Sándor Zán Fábián, Bishop of the Reformed Church in Transcarpathia, Ukraine, has served as pastor of the reformed congregation in Mezővári for twenty-five years. The war and armed conflict will change the life of the region forever, including this small village. Since the outbreak of the war, he has been working continuously, spending his days helping those in need, including refugees and internally displaced persons. In the shadow of historical events, we talked about his family, the history of the region, his being reformed and his personal faith.
Your whole life has been linked to Transcarpathia, Ukraine, from birth.
I was born in Ugocsa County, Transcarpathia, as the third child in a small Ruthenian village, Ruszka Dolina. By the time I was born, my brothers and sisters were already married, as one sister was twenty years older than me and the other eighteen, so I grew up with their children, my parents' grandchildren. I went to Ukrainian school in Mátyfalva and then I graduated from high school in Szőlősvégardó. After the studies in theology in Debrecen, I returned home to Transcarpathia in 1996, more precisely to the village Mezővári, and started to work as a pastor. I live here with my wife Judit Fábián. Our four children were born here.
Your name is Sándor Zán Fábián, your wife's name is Fábián Judit. This is cannot be a coincidence.
Indeed, my wife and I have taken each other's names, which is not customary in Transcarpathia, but for me it is an important expression of a very serious, deep feeling that I love her so much. It is a terrible pain for me that my family cannot be with me because of the war. They left for Hungary, which eases my mind because they are safe. The children are quite grown up, but the youngest is only six and we don't know if he will ever have the chance to attend our little „Fairy Garden” Kindergarten here.
What was the turning point I your life that inspired you to dedicate your whole life to the ministry in God’s service?
The perception of God's Word. At a youth meeting I embraced and understood that Jesus Christ was my Savior, which was a complete turning point in my life. After this experience only one question remained, namely how to serve Him. The verse from the Gospel of John that transformed my life was the parable of the vine and the branches: “He cuts off every branch in me that bears no fruit, while every branch that does bear fruit he prunes so that it will be even more fruitful [...] If you do not remain in me, you are like a branch that is thrown away and withers; such branches are picked up, thrown into the fire and burned". For me, the words of Jesus meant that I could not take the death on the Calvary as granted, as if would have deserved it, but I shall serve out of gratitude, and proclaim the gospel that I had experienced and understood to those around me. This is the turning point in one's life, there is no other. But how does this become a lifelong commitment?

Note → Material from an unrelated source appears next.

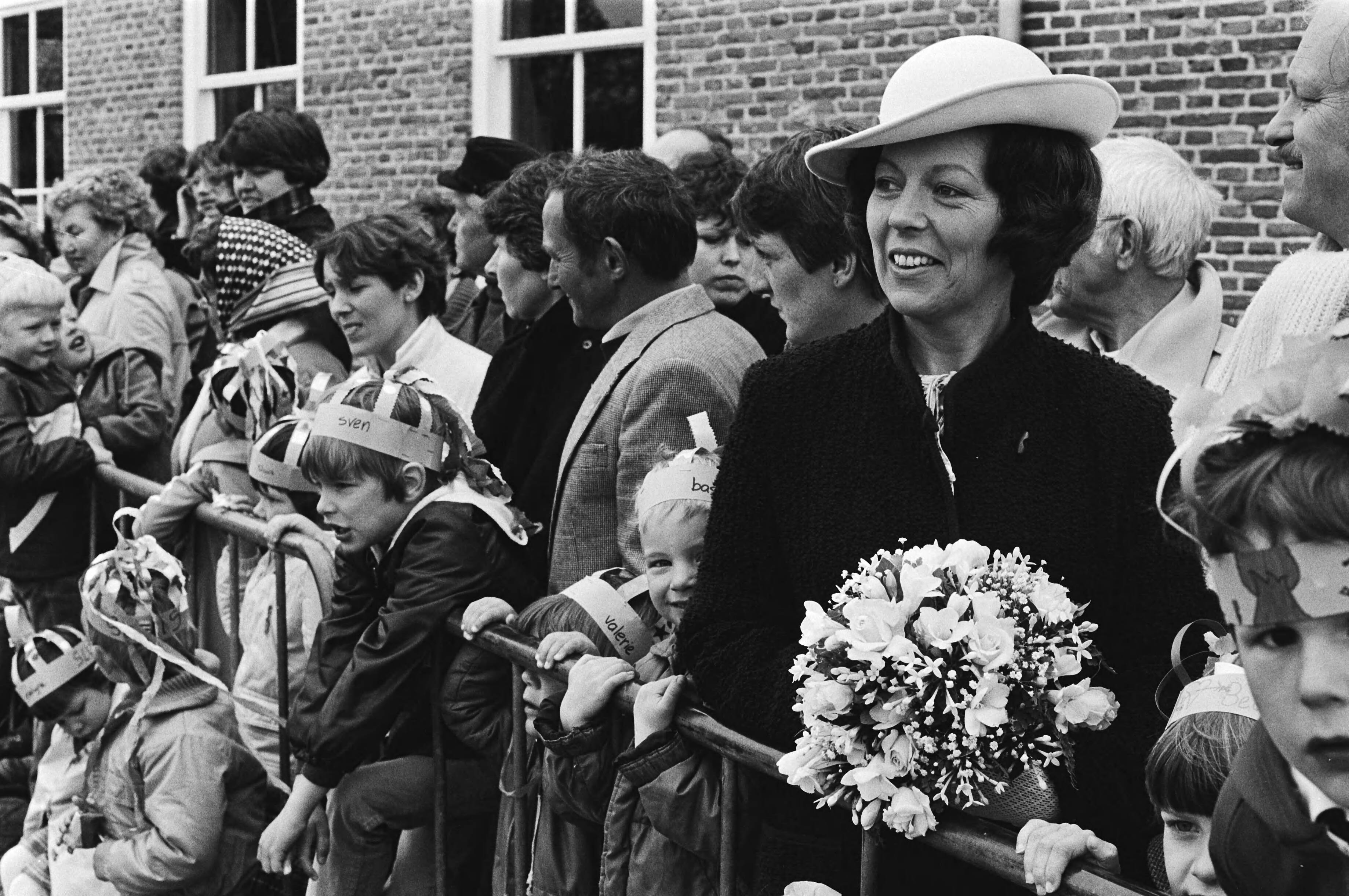 Fotocollectie Anefo — Viering Koninginnedag in Veere, dubbelgangster Beatrix tussen het publiek in Veere — Foto: Bogaerts, Rob / Anefo. Licentie: Set B: Rechtenvrij / Publiek Domein. Bron: Nationaal Archief. http://hdl.handle.net/10648/acfaab7c-d0b4-102d-bcf8-003048976d84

My pastor, Gábor Homoki, spoke to me in my hesitation. "Have you ever thought about serving God?" he asked. I answered him honestly, "Not yet."

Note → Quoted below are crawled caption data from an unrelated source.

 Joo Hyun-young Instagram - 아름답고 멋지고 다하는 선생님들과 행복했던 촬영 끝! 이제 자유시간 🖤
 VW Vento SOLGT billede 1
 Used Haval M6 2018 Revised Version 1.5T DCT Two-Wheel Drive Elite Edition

It was after this conversation that I read the mentioned Bible verse: “such branches are picked up, thrown into the fire and burned”. I knew that if I didn't serve him, it would have been the end for me, it would have been like hell. It is more important than anything that I abide in Him with my will, with my desires, and I become and remain a servant of Christ. That is what I believe still today, and I have no other testimony but this.

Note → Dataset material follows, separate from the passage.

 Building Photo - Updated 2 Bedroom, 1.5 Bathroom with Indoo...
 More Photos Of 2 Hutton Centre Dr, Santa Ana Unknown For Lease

Has the controversial Ukrainian legislation affecting national minorities influenced the current situation?
The laws passed seven or eight years ago, or last year's law on public education, which deprives national minorities of the opportunity to learn in their mother tongue, have had a negative impact on the population of eastern Ukraine and on all minorities. Behind-the-scenes political wrangling has resulted in restrictions of rights that were granted earlier, and all this led to hostilities. We should not deny this saying that we were not that harmed. Yes, all this did hurt us. Still, I have many Ukrainian friends and colleagues and I have always been able to put aside and forgive offences and grievances, thank God.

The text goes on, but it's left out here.